## [WORK REQUIRED]
Print the data again, exactly.

## [EXERCISE MATERIALS]
══════

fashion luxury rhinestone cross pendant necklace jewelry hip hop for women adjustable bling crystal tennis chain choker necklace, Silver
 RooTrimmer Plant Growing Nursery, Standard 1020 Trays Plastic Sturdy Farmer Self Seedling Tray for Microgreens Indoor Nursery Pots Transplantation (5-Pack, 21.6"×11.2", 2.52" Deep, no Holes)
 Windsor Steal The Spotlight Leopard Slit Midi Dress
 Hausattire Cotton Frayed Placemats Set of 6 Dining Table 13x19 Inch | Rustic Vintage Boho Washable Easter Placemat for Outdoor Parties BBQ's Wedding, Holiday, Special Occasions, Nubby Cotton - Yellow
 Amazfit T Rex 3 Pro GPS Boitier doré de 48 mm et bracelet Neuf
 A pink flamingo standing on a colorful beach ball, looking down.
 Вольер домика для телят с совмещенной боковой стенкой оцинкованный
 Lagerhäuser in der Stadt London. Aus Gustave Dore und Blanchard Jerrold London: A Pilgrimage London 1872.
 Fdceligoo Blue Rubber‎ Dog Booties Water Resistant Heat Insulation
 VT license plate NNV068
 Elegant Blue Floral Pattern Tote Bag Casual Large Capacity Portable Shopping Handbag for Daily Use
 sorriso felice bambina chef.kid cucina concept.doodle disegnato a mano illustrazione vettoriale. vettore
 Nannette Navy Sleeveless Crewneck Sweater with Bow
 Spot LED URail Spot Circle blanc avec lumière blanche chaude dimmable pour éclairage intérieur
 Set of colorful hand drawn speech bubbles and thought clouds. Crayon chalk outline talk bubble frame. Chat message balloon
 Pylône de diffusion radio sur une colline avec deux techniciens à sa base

══════

## [OUTPUT OF THE TASK]
fashion luxury rhinestone cross pendant necklace jewelry hip hop for women adjustable bling crystal tennis chain choker necklace, Silver
 RooTrimmer Plant Growing Nursery, Standard 1020 Trays Plastic Sturdy Farmer Self Seedling Tray for Microgreens Indoor Nursery Pots Transplantation (5-Pack, 21.6"×11.2", 2.52" Deep, no Holes)
 Windsor Steal The Spotlight Leopard Slit Midi Dress
 Hausattire Cotton Frayed Placemats Set of 6 Dining Table 13x19 Inch | Rustic Vintage Boho Washable Easter Placemat for Outdoor Parties BBQ's Wedding, Holiday, Special Occasions, Nubby Cotton - Yellow
 Amazfit T Rex 3 Pro GPS Boitier doré de 48 mm et bracelet Neuf
 A pink flamingo standing on a colorful beach ball, looking down.
 Вольер домика для телят с совмещенной боковой стенкой оцинкованный
 Lagerhäuser in der Stadt London. Aus Gustave Dore und Blanchard Jerrold London: A Pilgrimage London 1872.
 Fdceligoo Blue Rubber‎ Dog Booties Water Resistant Heat Insulation
 VT license plate NNV068
 Elegant Blue Floral Pattern Tote Bag Casual Large Capacity Portable Shopping Handbag for Daily Use
 sorriso felice bambina chef.kid cucina concept.doodle disegnato a mano illustrazione vettoriale. vettore
 Nannette Navy Sleeveless Crewneck Sweater with Bow
 Spot LED URail Spot Circle blanc avec lumière blanche chaude dimmable pour éclairage intérieur
 Set of colorful hand drawn speech bubbles and thought clouds. Crayon chalk outline talk bubble frame. Chat message balloon
 Pylône de diffusion radio sur une colline avec deux techniciens à sa base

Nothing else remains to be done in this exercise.